Speeches, etc.

Margaret Thatcher

Speech at banquet in Sri Lanka

Document type: Speeches, interviews, etc.
Venue: President’s House, Colombo, Sri Lanka
Source: Thatcher Archive: speaking text (THCR 1/10/85 f113)
Editorial comments: The banquet began at 2000.
Importance ranking: Minor
Word count: 689
Themes: Commonwealth (general), Foreign policy - theory and process, Foreign policy (Asia)

Junius JayewardenePresident, Ministers, Your Excellencies, Ladies and Gentlemen.

Thank you for your warm and generous welcome.

We were delighted, Mr. President, when you were able to pay us a visit in Britain last year.

And I am very pleased to be able to return that visit so soon.

The ancient Arab name of your Island, Serendib, has been taken up in our language to mean a happy discovery.

And so it has been for me. [end p1]

This morning I travelled to Kandy and the Victoria Dam, symbols of your past and your future.

Tomorrow I shall have the great privilege of addressing your Parliament.

No-one could hope for a more memorable stay.

Mr. President, a Florentine friar writing in the distant 14th century, said: “From Ceylon to Paradise, according to what the people say after the tradition of their fathers, is a distance of forty miles”.

I think he exaggerated the distance—it is but one short step.

Our two countries and peoples have had a close [end p2] relationship for over a hundred and fifty years.

We have a natural similarity of outlook. We are both proud of our long histories. We both take pride in Parliamentary democracy.

We both have a pragmatic, common sense approach to world affairs, and a deep scepticism about those who preach virtues which they do not practise.

Is it any wonder, then, that our relations remain so exceptionally close?

When Arthur Creech Jones introduced the Ceylon Independence Bill in the House of Commons in [end p3] December 1947, he said of your people, “We are confident that they will prove themselves a free democracy in the vissicitudes through which their region of the world is passing”. Democracy has been the key-note of your development throughout the years since then. That is a tremendous source of strength. You have a tradition of magnaminity and of compromise.

Those qualities are called for in greater measure than ever before in the face of your present troubles.

In confronting these you have our sympathy and understanding.

There must be no compromise with terror and [end p4] violence.

But I am very pleased that you, Mr. President, will continue to work for a peaceful solution and for reconciliation.

I very much hope that this can also become the basis for joint efforts with your great neighbour to reduce tension and restore full cooperation.

Mr. President, remote as we are from each other geographically, we are both members of one world in which the significance of distance is shrinking.

The communications revolution, the growth of world trade, the steadily increasing [end p5] interdependence of economies, overlapping memberships of international organisations: all these help to bring us closer together and to understand each other better.

Great tragedies such as the present famine in Africa, which would once have remained hidden from the rest of the world are now brought with shattering effect into the lives of people many thousands of miles away. No country is any longer an island unto itself—even real islands such as Britain and Sri Lanka!

Our problems become the world's property, our policies are discussed and analysed beyond our borders, our hopes and dreams are often [end p6] crucially affected by the decisions of others over which we have only limited if any control.

But there is a bright side to this as well.
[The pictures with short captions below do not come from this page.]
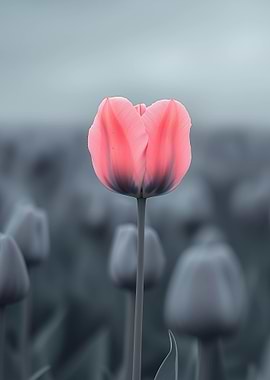 Solitary Pink Tulip – Elegant Minimalist Art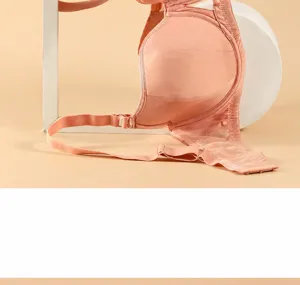 Close-up detail pink plus size full cup bra breathable mesh side support comfortable fit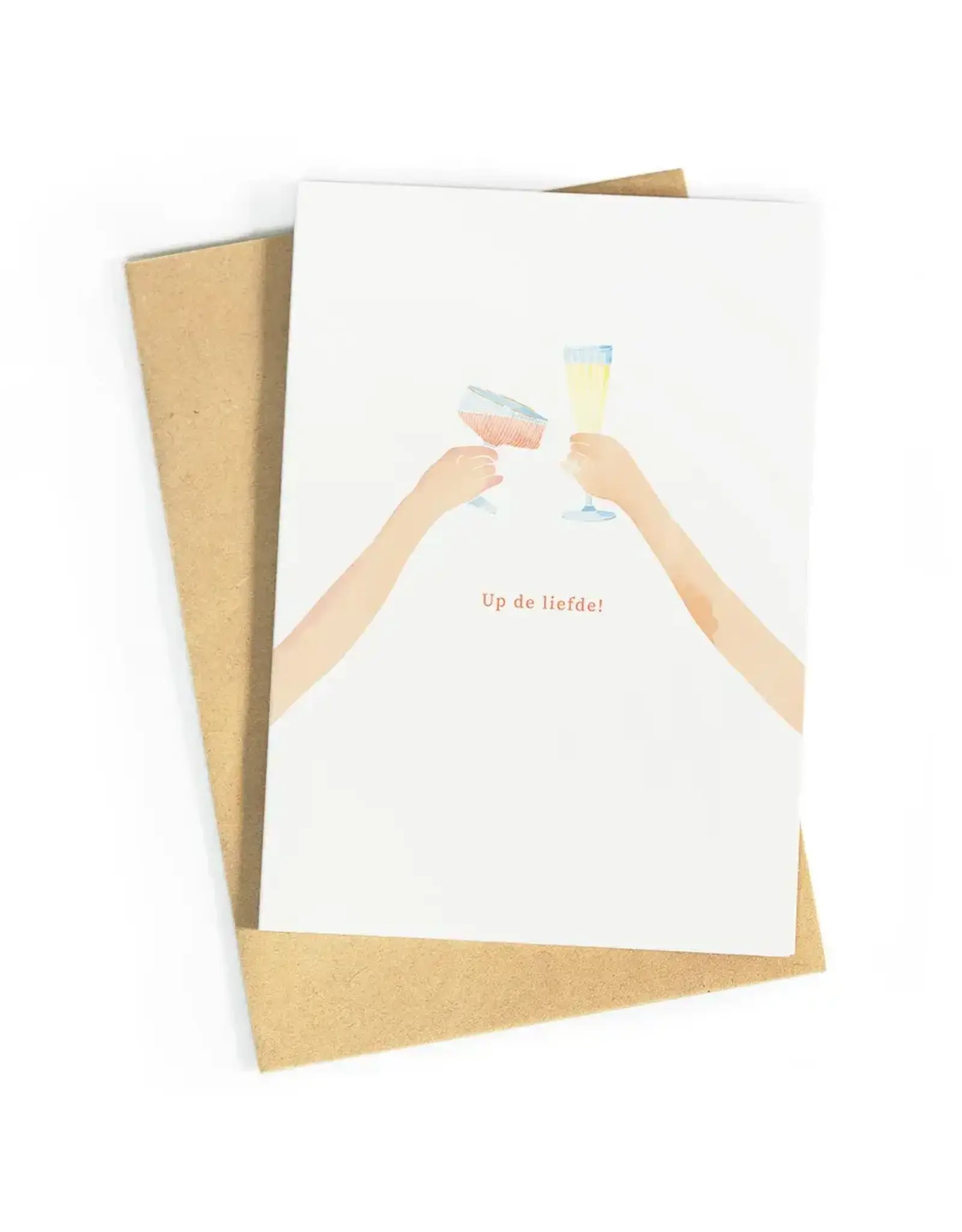 Studio Zwoane Wenskaart - Up de liefde - Dubbele kaart + Envelop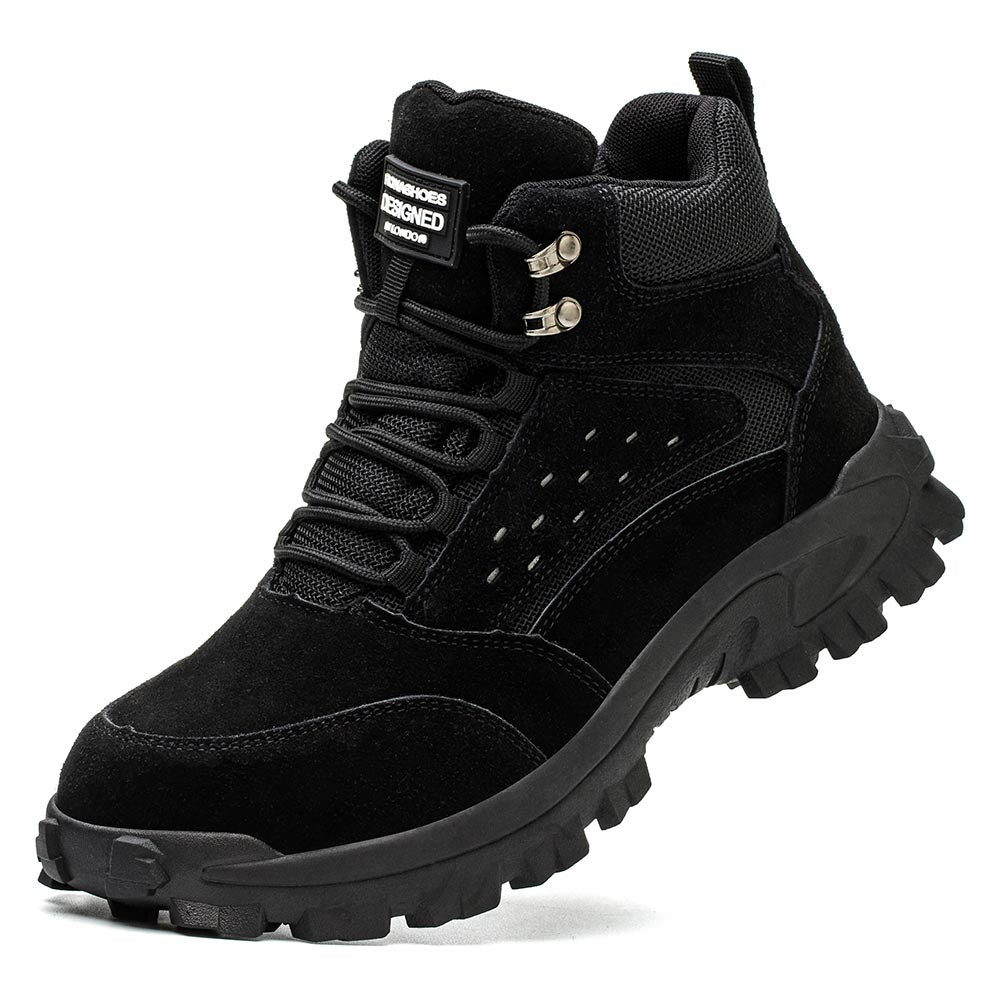 Safety Boots Steel Toe Cap Boots Work Boots Comfortable Lightweight and Stylish Men s Women s and Ladies Waterproof Black Rona Shoes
Cooperation between governments and peoples in different corners of the world becomes easier, particularly when as with Britain and Sri Lanka they share a deep belief in freedom and democracy.

We have helped each other in the past and we can help each other now, through our trade, through the assistance we can and want to give to your economic development, through plain speaking between friends.

That, Mr President, is the joy of a visit [end p7] such as this: not only to see the beauties of your land, which so far have been only a dream for me, but experience first-hand the friendship and openness of your people.

Tomorrow I shall have the honour of addressing your Parliament, so I shall keep my remarks this evening brief.

I thank you warmly for your generous and considerate hospitality to me and all my colleagues.

I ask you to drink a toast to the friendship between Britain and Sri Lanka and to the health of your President.